About 30 people turned out on a soggy and dark Monday night to both condemn and praise Aberdeen city officials at the third in a series of meetings to see what’s on the minds of citizens. The four meetings were called by Mayor Bill Simpson who thanked the crowd, “the largest yet.”
Many had not been at either of the first two meetings and voiced new complaints that included sign and building code enforcement, storm sewer bills, an allegation of oil in the Chehalis River and the plight of the mentally ill. Familiar grievances were aired about the rights of residents versus the rights of vagrants as well as shabby residential properties. The audience also applauded city officials for recent improvements to city parks and the paving of First Street.
The city’s new code enforcement officer, former police officer Bill Sidor, will find a full list of complaints to investigate when he starts his new job today. Public Works Director Malcolm Bowie, Building Official Bob Waite, and Community Development Director Lisa Scott will also find several questions in their in-boxes.
In the most serious code issue, Grays Harbor Port Commissioner Jack Thompson expressed worry about the safety of the old Pioneer Paper building on East Heron Street where the roof collapsed “four months ago.” The structure stands next to the building where he and his wife live. The couple is concerned the building will fall and take theirs with it. Simpson said he is worried, too. The mayor said he called the owner twice to no avail and will explore the matter further.
Carol Coyle brought a photo array of sandwich board and sign violations for the mayor and moderator Police Chief Bob Torgerson, who agreed it is illegal to post signage on lampposts and light poles. Both promised to refer the matter to Community Development Director Lisa Scott.
John Martinsen thanked taxpayers and the city for the re-paving of First Street and asked that Bench Drive and Rustic Way, which are now gravel, be paved.
Ed Coyle wanted to know why he pays for stormwater dumping “even though there is no storm sewer” on his block, 1100 East Market. He said he doesn’t mind paying but wants owners of vacant lots and empty buildings such as the Morck to pay, too.
Joshua Francy who garnered applause for saying he has been cleaning up garbage and needles under the Chehalis Bridge on the south side, says the water in the culvert “has always got oil in it.”
Discussion centered around when shabby residential conditions such as trash and overgrown lawns is a code violation and when it is a nuisance violation.
One woman brought up people living under a brown tarp on private property near her. While she said she did not want anyone to become homeless if the tarp comes down, she complained to code enforcement “because it is one heck of a mess.” The chief confirmed there is no camping allowed in the city.
Then why are vagrants allowed to camp along the river, Trish Thompson asked?
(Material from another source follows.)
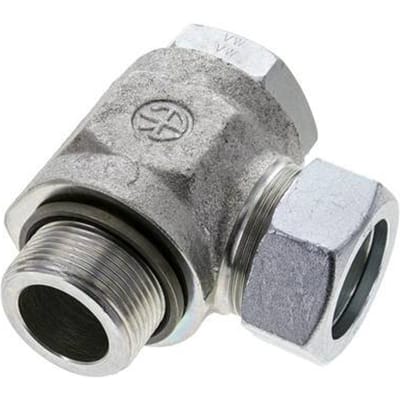 35L & G1-1/4'' Verzinkt Stalen Swivel Joint Snijringkoppeling Buitendraad 160bar NBR O-ring Draaibaar ISO 8434-1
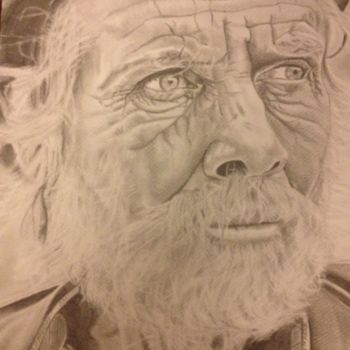 Drawing titled ""LE REGARD"" by Danygil, Original Artwork, Pencil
Because much of the riverfront is private property, said Torgerson, who promised to look into the issue again.
Torgerson reminded the audience that “being homeless is not a crime, being a vagrant is not a crime, sitting around is not illegal.” Imagine “your grandmother” sitting on that bench, he said, “They have rights just like everybody else does.”
Council member Tim Alstrom, who is running unopposed in Ward 3, brought up the issue of mental health as it relates to homelessness, crime and drugs. National and state cuts in funding have trickled down into the cities where there is an acute shortage of treatment options. Many beds on a state level have been lost so “people who need help have no services to help them,” Alstrom added.
Many end up in the city jail, which was built for 18 inmates but often holds 22. There are “five people in our jail who are mentally ill,” the chief said, “One was moaning constantly and had to be restrained,” another screamed for days, another was emotionally upset and the others were “calm for the day,” he said.
“Revenue is flat and our expenses keep climbing … we need more money but taxpayers don’t have more money,” Torgerson said, gesturing toward Finance Director Kathryn Skolrood, who nodded in agreement.
Sam Benn Park area resident April Obi-Boling reiterated a request she made before the city council recently for speed control signs on streets near the park. Fellow area resident Sally McCarthy thanked Parks and Recreation Director Karl Harris for recent improvements to the park which now attracts more adults and children in the sunshine, “even in the rain.” She is also grateful for lighting the parking lot. The audience applauded.
Port Commissioner Thompson chimed in, thanking Harris for cleaning up Zelasko Park. Martinsen also congratulated Harris, who joked he would pay Martinson later.
A final gathering will be held at McDermoth School at 401 N. K St. for Wards 3, 4 and 5 on Friday night at 6:30 p.m.
A citywide summit to review concerns expressed at the ward meetings is planned for early February.